Let $X_1, X_2,\ldots,X_k$ be drawn at random without replacement from a finite population of $n$ items, and let $S_k:=X_1+\cdots+X_k$ be their sum. Then $$\operatorname{Var}(S_k)=k\left(\frac{n-k}{n-1}\right)\sigma^2,$$ where $\sigma^2$ is the variance of a single draw.
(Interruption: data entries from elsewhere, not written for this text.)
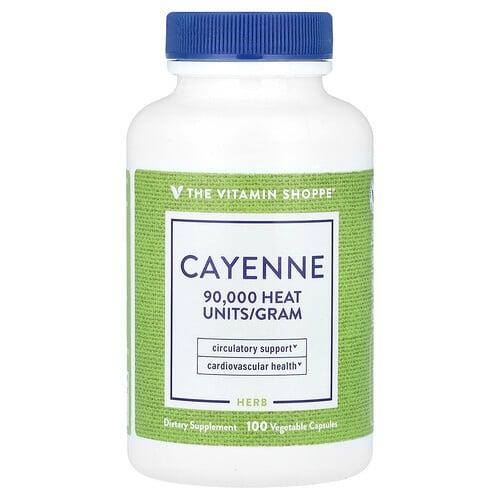 The Vitamin Shoppe Cayenne 100 Vegetable Capsules 450 Mg Per Capsule product image
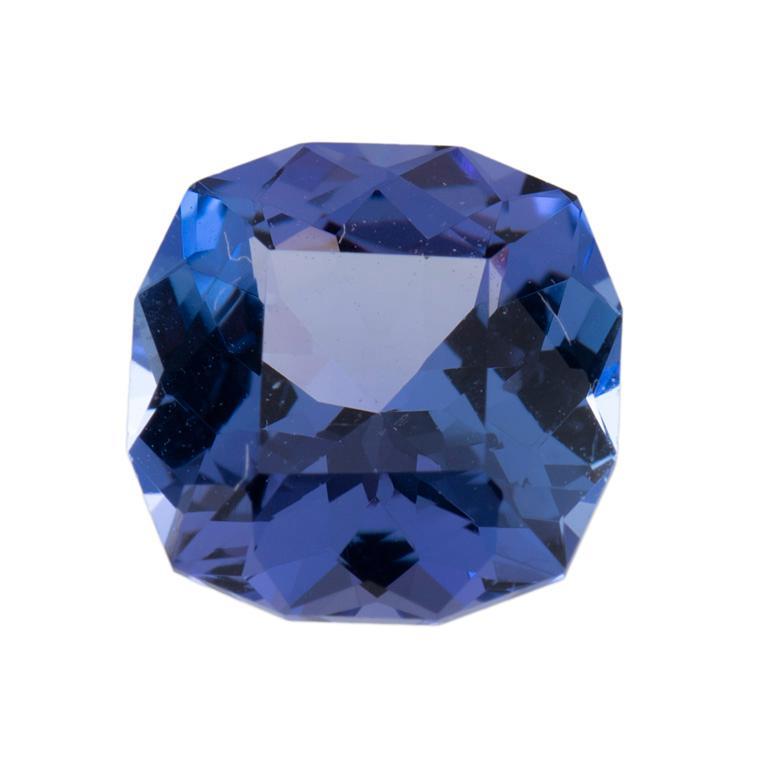 A Loose Violet Blue Tanzanite Stone: loose tanzanite stone cushion cut weight: 2.00 ct size: 8.00 mm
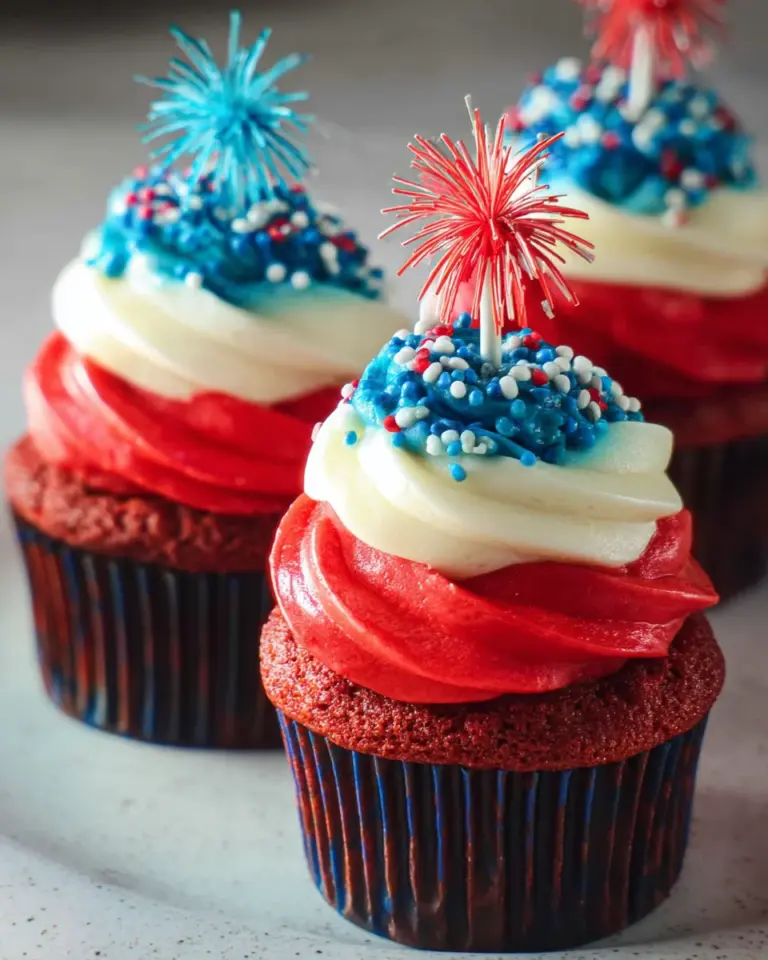Fireworks Cupcakes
For your situation, the population is the list $1,2,\ldots,n$ and a single draw $X$ from this population has distribution $P(X=i)=\frac1n$ for $i=1,\ldots,n$. So calculate $$E(X)=\sum_{i=1}^n i\,P(X=i)\stackrel{(1)}=\frac1n\frac{n(n+1)}2=\frac{n+1}2$$ $$E(X^2)=\sum_{i=1}^ni^2P(X=i)\stackrel{(2)}=\frac1n\frac{n(n+1)(2n+1)}6=\frac{(n+1)(2n+1)}6$$ where step (1) uses the identity for $\sum_{i=1}^ni$ and step (2) uses the identity for $\sum_{i=1}^n i^2$. Finally, after some algebra, conclude the variance of a single draw is $$\operatorname{Var}(X)=E(X^2)-[E(X)]^2=\frac{n^2-1}{12}.$$